Alex estuvo en el centro de un terremoto que alteró las reglas del juego, fue una de las piezas clave de una generación de escaladores excepcional que desapareció mucho antes de lo esperado. La lista de ausencias es terrible: Joe Tasker, Peter Boardman, Jerzy Kukuczka, Roger Baxter-Jones, Al Rouse, Georges Bettembourg, John Syrett o Jean Marc Boivin. Se dice que la mala suerte mató a unos y la ambición a otros. El problema es que no existe alpinismo sin ambición. John Porter recuerda en su obra Un día como un tigre cómo una anciana le preguntó una vez en un aeropuerto por qué llevaban tantas maletas: “Es el equipo, porque somos alpinistas”, contestó. “Ah, sí, he leído sobre vosotros: ¡os vais muriendo pero siempre llegan otros que os relevan!”.

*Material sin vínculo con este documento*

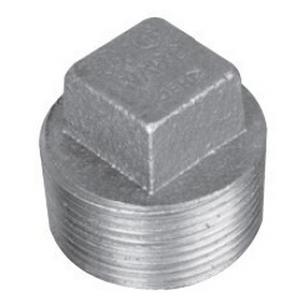 WardFlex 1.NP Square Head Regular Cored Plug, 1 in MNPT, Iron, Galvanized, 125 lb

En primavera de 1982, MacIntyre, Roger Baxter-Jones y Doug Scott firmaron la primera ascensión del Pungpa Ri y la apertura de una nueva ruta en la cara suroeste del Shisha Pangma, desde entonces un lugar santo para el estilo alpino. Su frenesí bien calculado le condujo hasta los pies de la cara sur del Annapurna. Le acompañaban Porter y Ghilini, pero Porter enfermó y contempló marchar por última vez a su amigo. Pretendían escalar la impresionante pared con apenas un par de tornillos de hielo, tres pitones de roca y una cuerda famélica. En realidad pretendían, sin saberlo, adelantarse varias décadas a su tiempo. En 2013, el genial Ueli Steck escaló una ruta nueva en la misma pared y regresó al campo base en 28 horas. Puede que sonriese al leer el epitafio en la lápida de MacIntyre.